From March to September, oysters are planted in the Chesapeake Bay. In the last 20 years, almost 6 billion have been dropped back into the water to shore up the oyster population. (NOAA)
From March to September, oysters are planted in the Chesapeake Bay. In the last 20 years, almost 6 billion have been dropped back into the water to shore up the oyster population. (NOAA)
March 21, 2016

ANNAPOLIS, Md. - Now that the weather for it is better, there's a major oyster reseeding effort in the Chesapeake Bay and its tributaries.

Bryan Kent Gomes at the nonprofit Oyster Recovery Partnership says the mission is to increase the number of oysters in the Bay.

In the last two decades, they've planted almost 6 billion in sanctuaries, managed reserves and public fishing grounds.

He says another big part of the effort is to work with restaurants and businesses to recycle oyster shells back into the Bay, since they are the best material to restore the reefs.

Gomes, the partnership's manager of special programs, says every half-shell collected creates a new home for approximately 10 baby oysters.

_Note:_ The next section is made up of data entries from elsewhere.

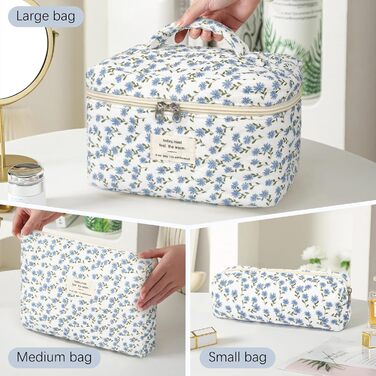 Набір косметичок для жінок: 3 шт. (великі та маленькі) - косметичка, сумочка для макіяжу, органайзер для подорожей (блакитний з квітами)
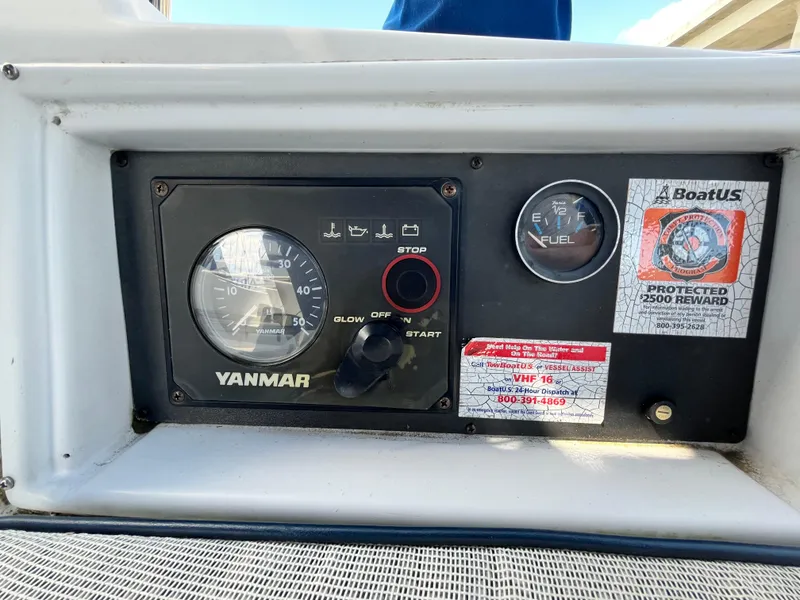Slide: The Image of Control panel of a 2005 Hunter 31 boat with Yanmar engine gauge. - 7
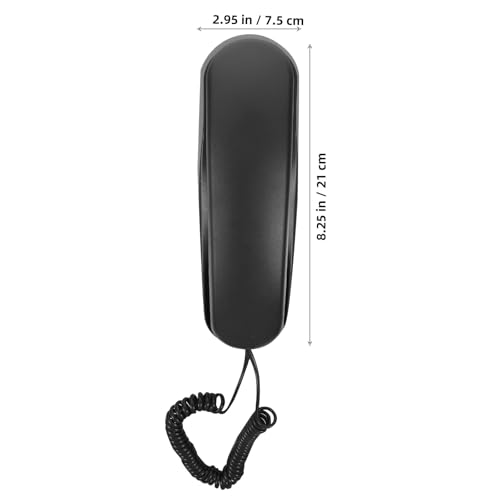 Teléfono Fijo de Pared Beavorty Negro con Auricular miniatura 2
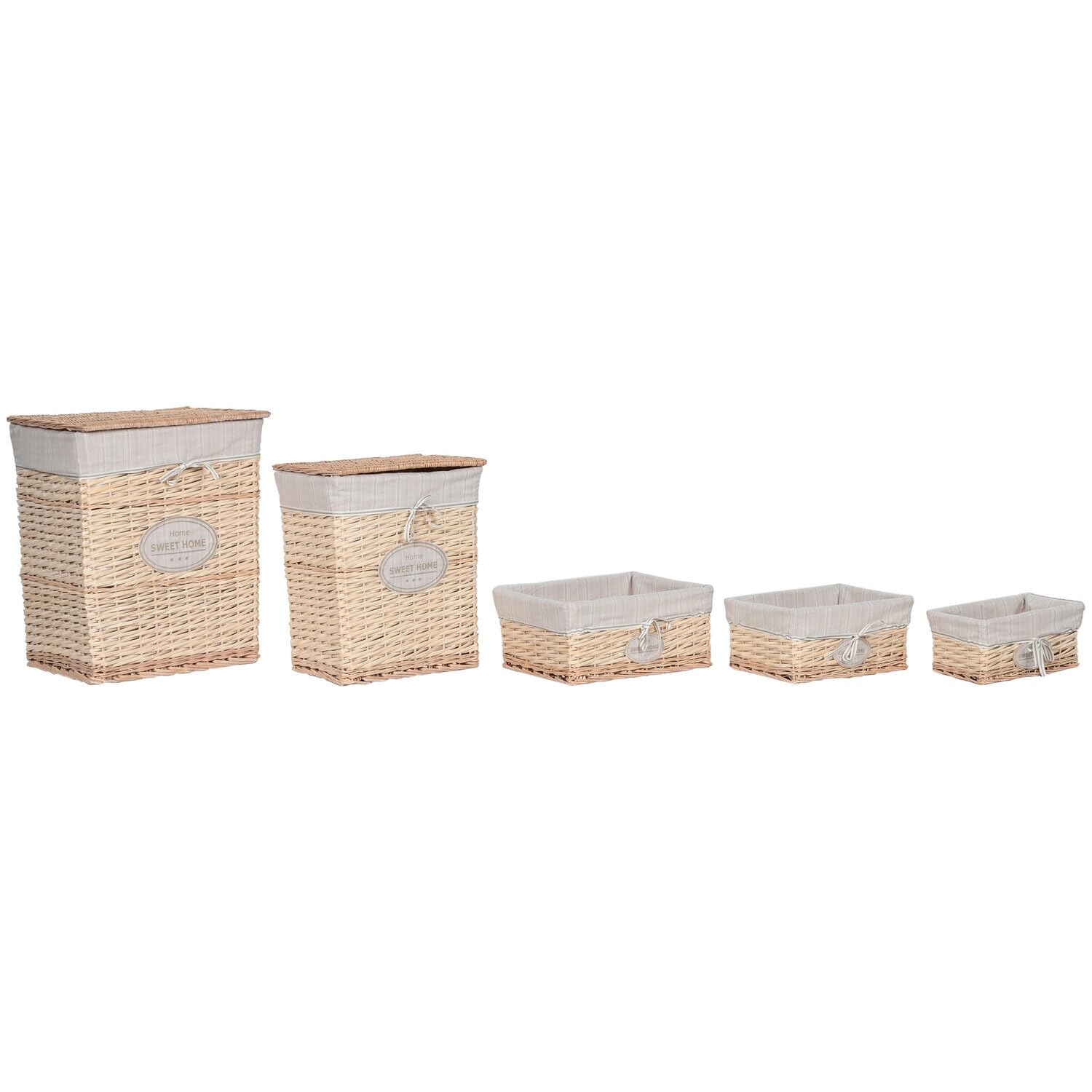 Cesta ropa set 5 mimbre fini le linge qui traîne grâce au rangement en coton crème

"The shell is a very limited natural resource, so it's important that it is saved and not thrown in the trash," he says. "Not to mention it can save restaurant owner a lot of money when they move it from the trash can to the recycle bin, and get it back to our organization."

Since its launch, a program known as the Shell Recovery Alliance has recycled almost 3,000 tons of oyster shells. In addition to restaurants and businesses, used shells are collected from public drop sites.

Gomes explains the restaurants and shucking facilities that participate in the recycling program get a tax break, and save money on labor and trash fees.

"Today, six years later, it's grown to over 200 restaurants in northern Virginia, D.C., Maryland, Delaware," he says. "And guys full-time hitting these major metropolitan areas through the region are bringing back about 120 bushels each time they hit a couple dozen restaurants in a day."

The oyster is a filter feeder. It sucks in water, filters out the plankton and debris, then spits the water back out, which cleans the water around it. One oyster can filter more than 50 gallons in 24 hours.

However, Gomes says a combination of disease, pollution and over-fishing means today, less than one-percent of the original 17th-century oyster population remains in the Bay.